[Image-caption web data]
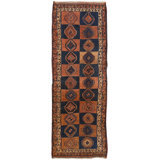 Vintage One-of-a-Kind 4' X 11'7" Area Rug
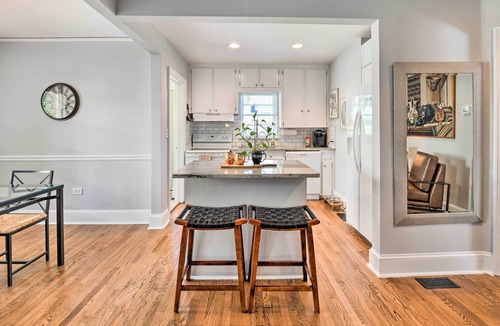 Wesley Heights House | Charlotte Home w/ Patio & Fire Pit: 2 Mi to Dtwn!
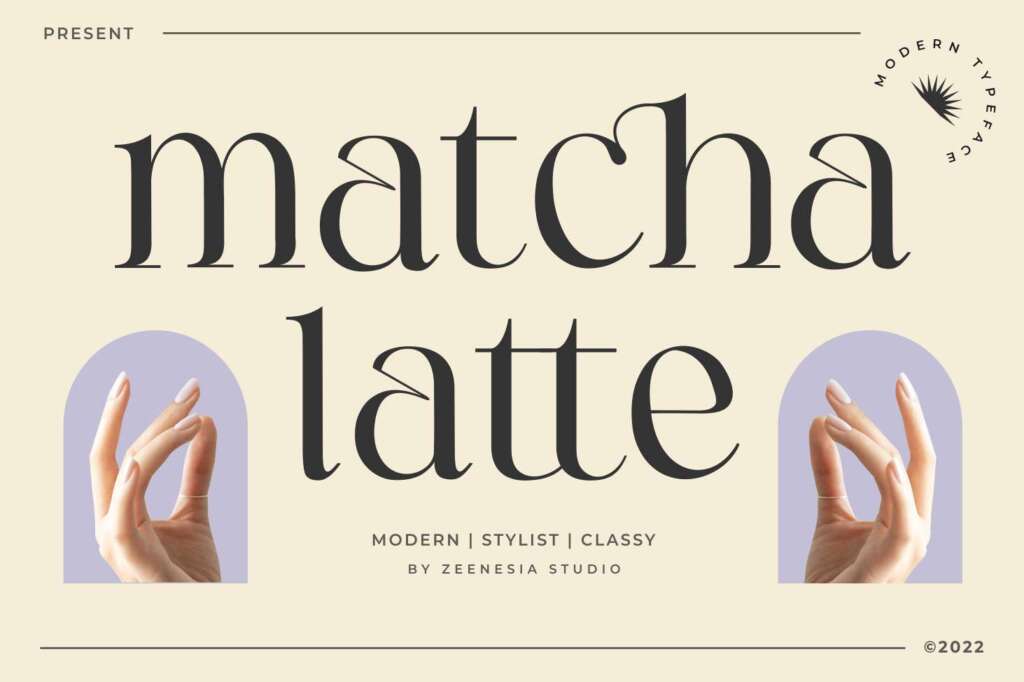 Matcha Latte Font
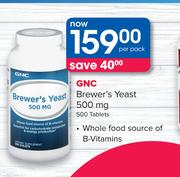 GNC Brewer's Yeast 500mg 500 Tablets-Per Pack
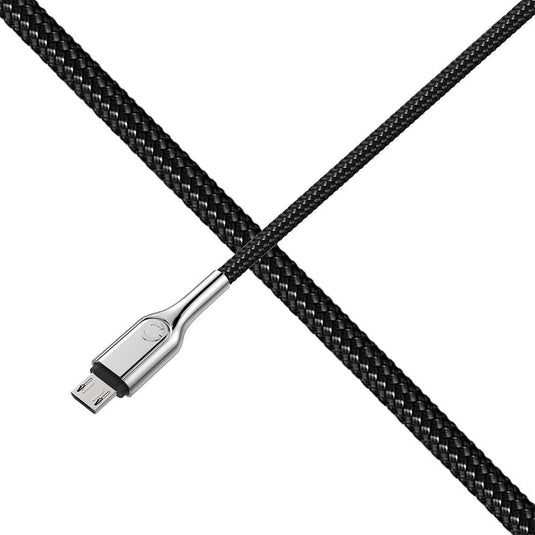 Cygnett 3-Metre Armoured Micro to USB-A Cable in Black-4
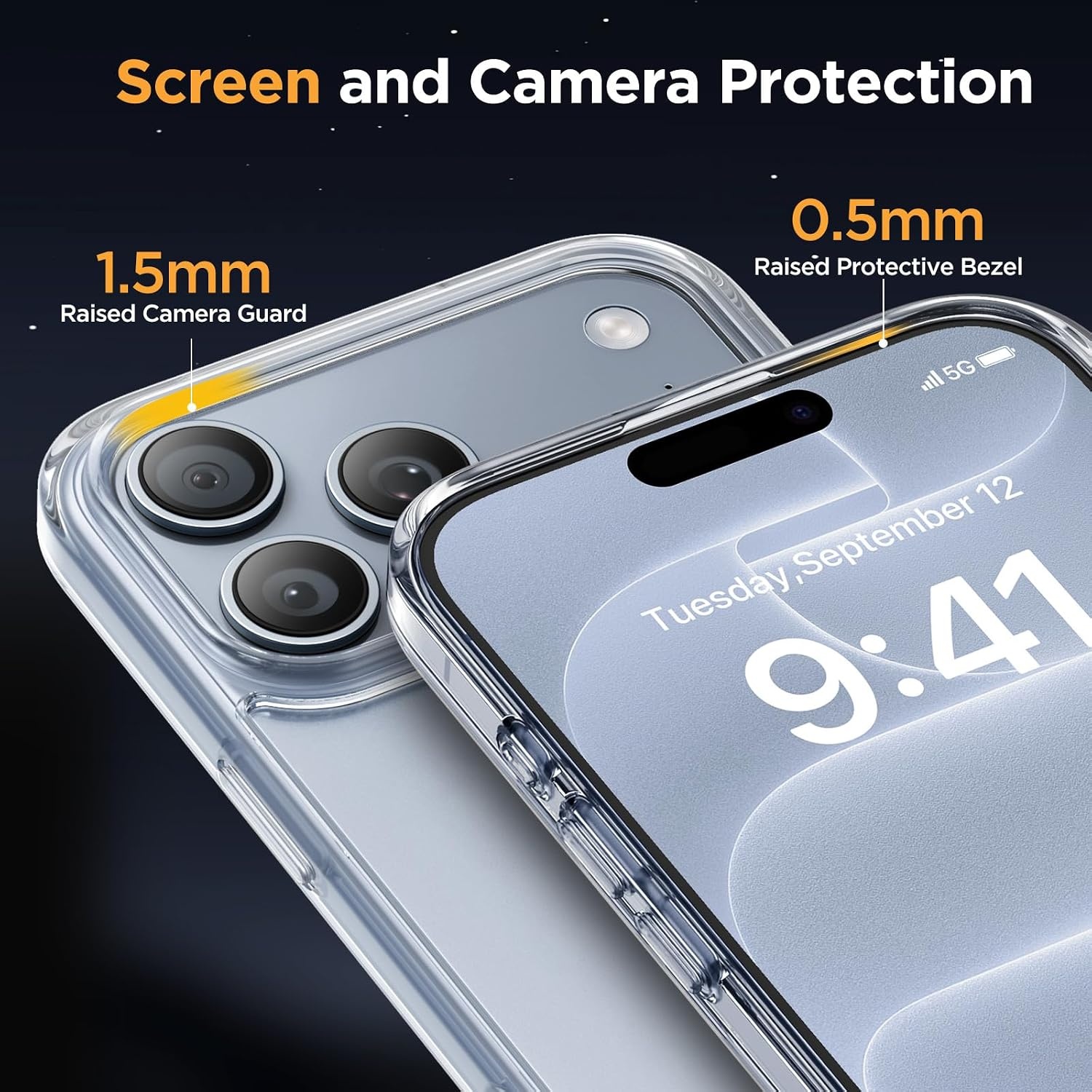 image:imageMiracase for iPhone 16 Pro Matte Series Case Magnetic OrangeClear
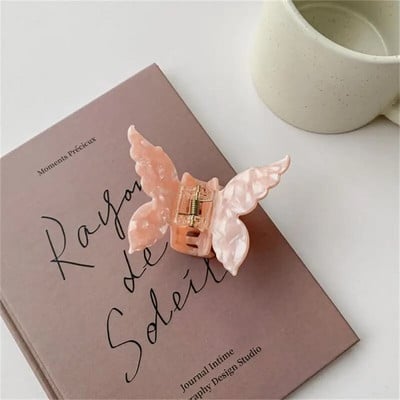 Clip de păr sirenă Acid acetic Formă unică Acasă de păr fluture Accesorii pentru îmbrăcăminte Agrafă fluture Agrafă de păr fluture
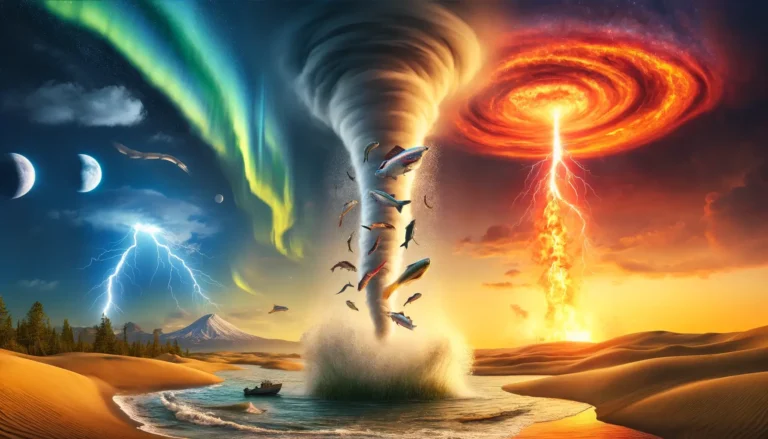 Fenômenos meteorológicos raros e onde ocorrem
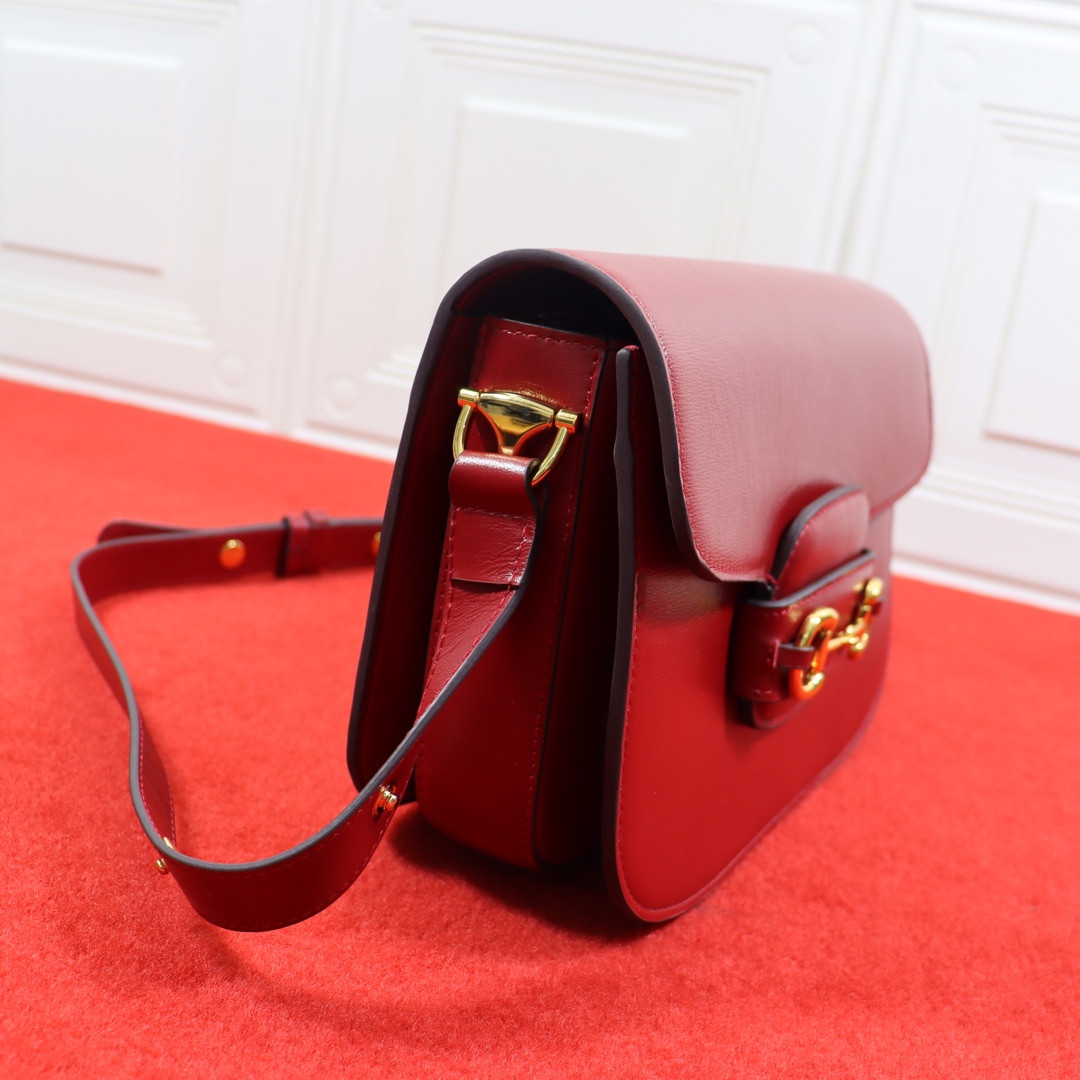 GUCCI HORSEBIT 1955 SHOULDER BAG RED 9.8 x 7 x 3.1 - Image 4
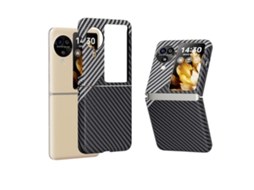 Capa Protetora Completa Com Textura De Fibra De Carbono Para Oppo Find N3 Flip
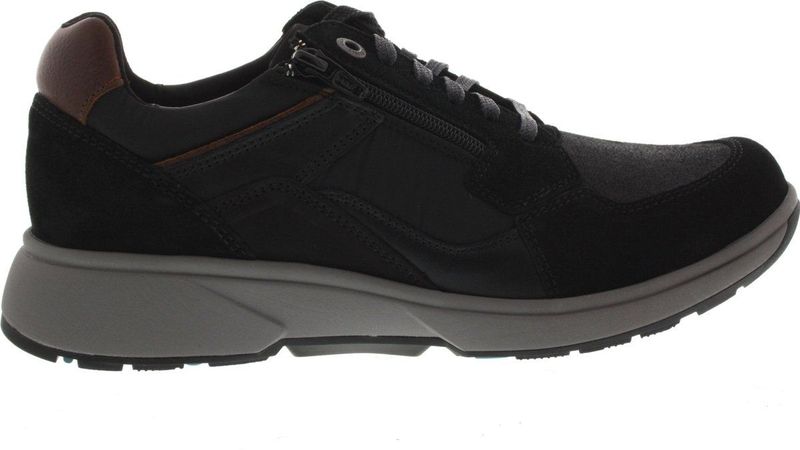 Xsensible - Stretchwalker - Sneaker - Black - Leer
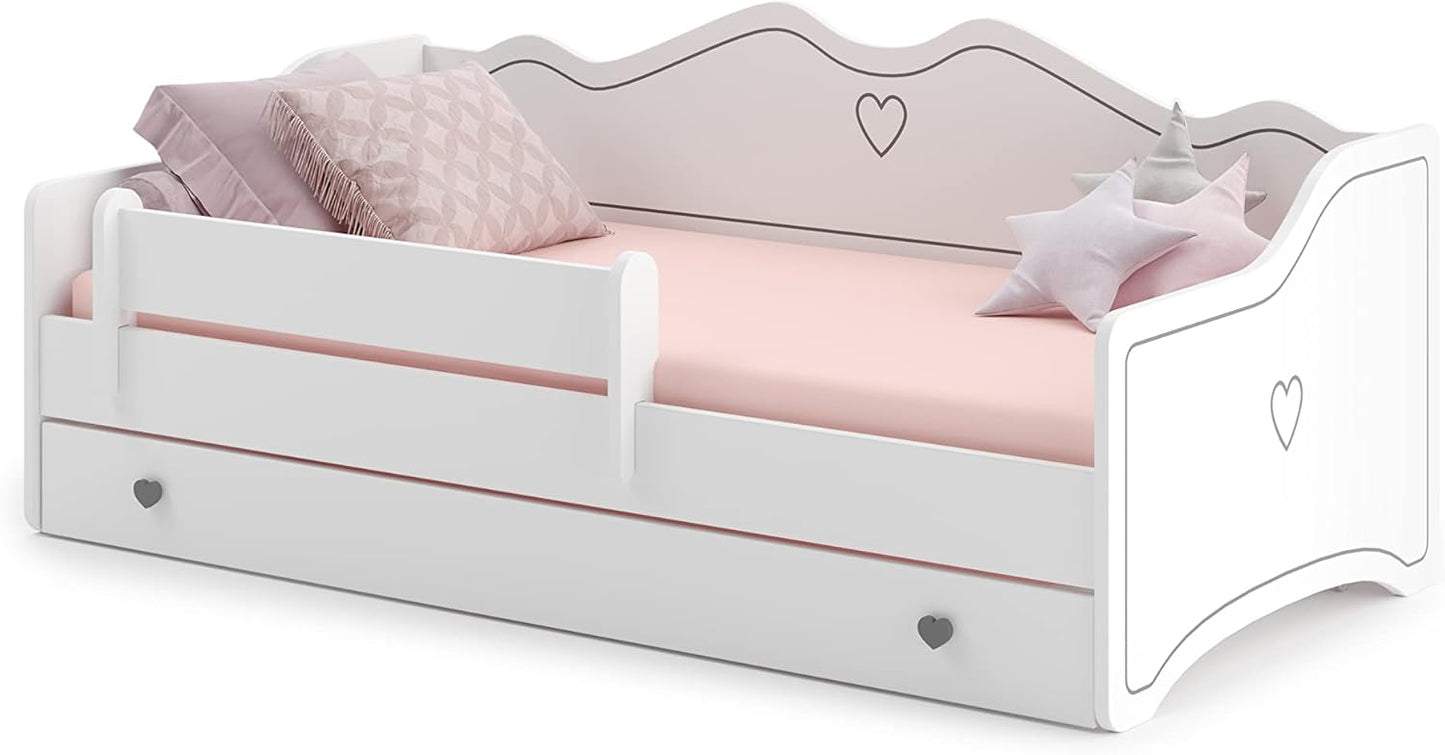 KOBI - Lit Enfant 80x160 cm - Avec Matelas - Avec Tiroir – €37,99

- What you need to do: Once the line containing "Fenômenos meteorológicos raros" is found, copy it and each line after it through the end of the entries above exactly; nothing else, and no pictures.

- Response to the exercise:
 Fenômenos meteorológicos raros e onde ocorrem
 GUCCI HORSEBIT 1955 SHOULDER BAG RED 9.8 x 7 x 3.1 - Image 4
 Capa Protetora Completa Com Textura De Fibra De Carbono Para Oppo Find N3 Flip
 Xsensible - Stretchwalker - Sneaker - Black - Leer
 KOBI - Lit Enfant 80x160 cm - Avec Matelas - Avec Tiroir – €37,99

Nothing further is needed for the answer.